▸ TASK
The records below are to be restated word for word, with every picture left out.

□ □ □ □ □ □ □

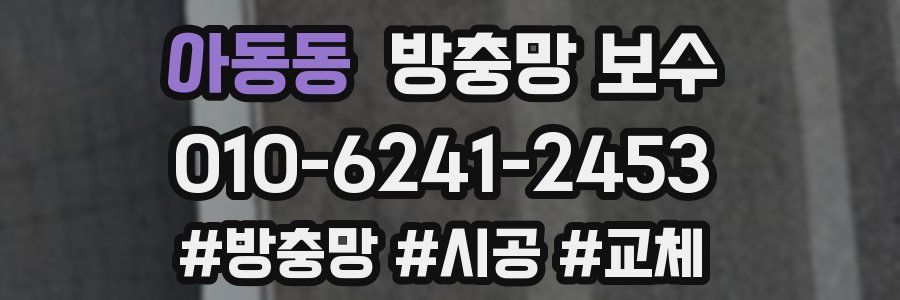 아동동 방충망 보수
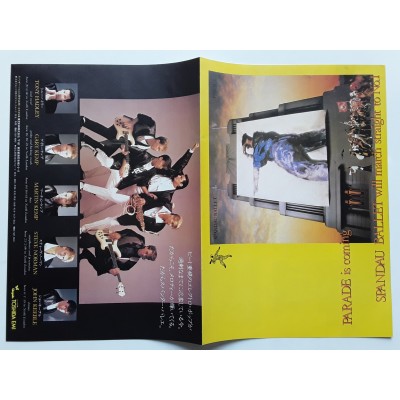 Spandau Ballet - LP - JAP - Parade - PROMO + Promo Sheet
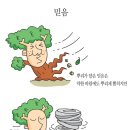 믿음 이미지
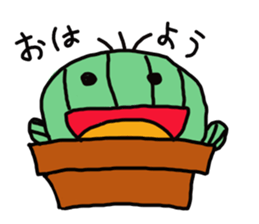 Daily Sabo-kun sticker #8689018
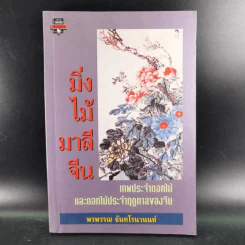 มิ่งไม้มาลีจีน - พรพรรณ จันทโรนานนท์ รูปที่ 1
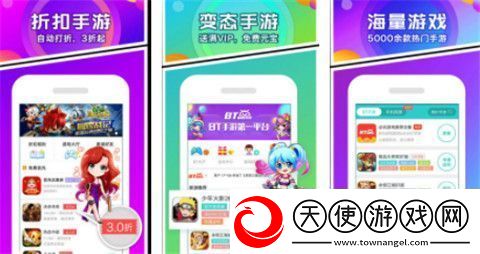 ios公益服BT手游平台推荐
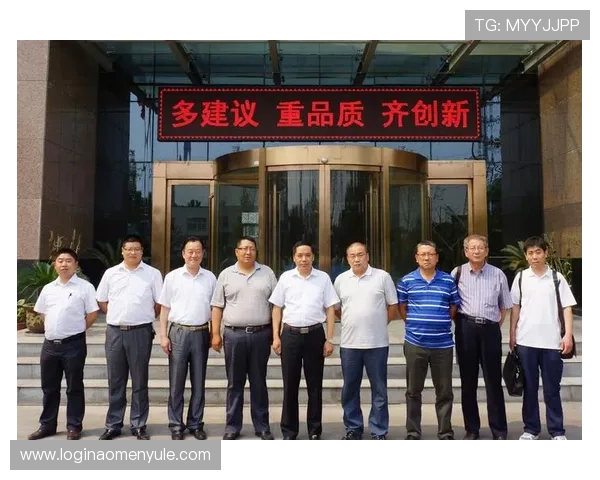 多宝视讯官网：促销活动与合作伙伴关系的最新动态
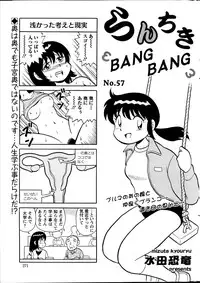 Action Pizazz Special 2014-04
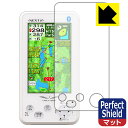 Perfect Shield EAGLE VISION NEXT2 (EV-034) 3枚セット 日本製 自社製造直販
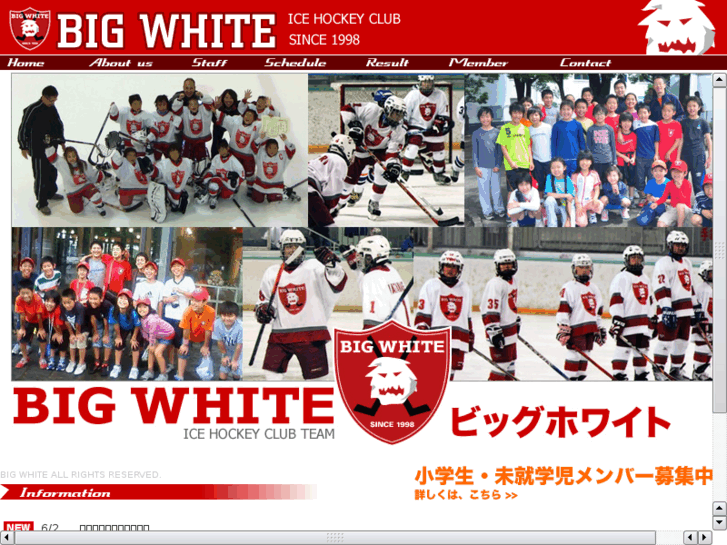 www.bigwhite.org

□ □ □ □ □ □ □

▸ TASK RESULT
 아동동 방충망 보수
 Spandau Ballet - LP - JAP - Parade - PROMO + Promo Sheet
 믿음 이미지
 Daily Sabo-kun sticker #8689018
 มิ่งไม้มาลีจีน - พรพรรณ จันทโรนานนท์ รูปที่ 1
 ios公益服BT手游平台推荐
 多宝视讯官网：促销活动与合作伙伴关系的最新动态
 Action Pizazz Special 2014-04
 Perfect Shield EAGLE VISION NEXT2 (EV-034) 3枚セット 日本製 自社製造直販
 www.bigwhite.org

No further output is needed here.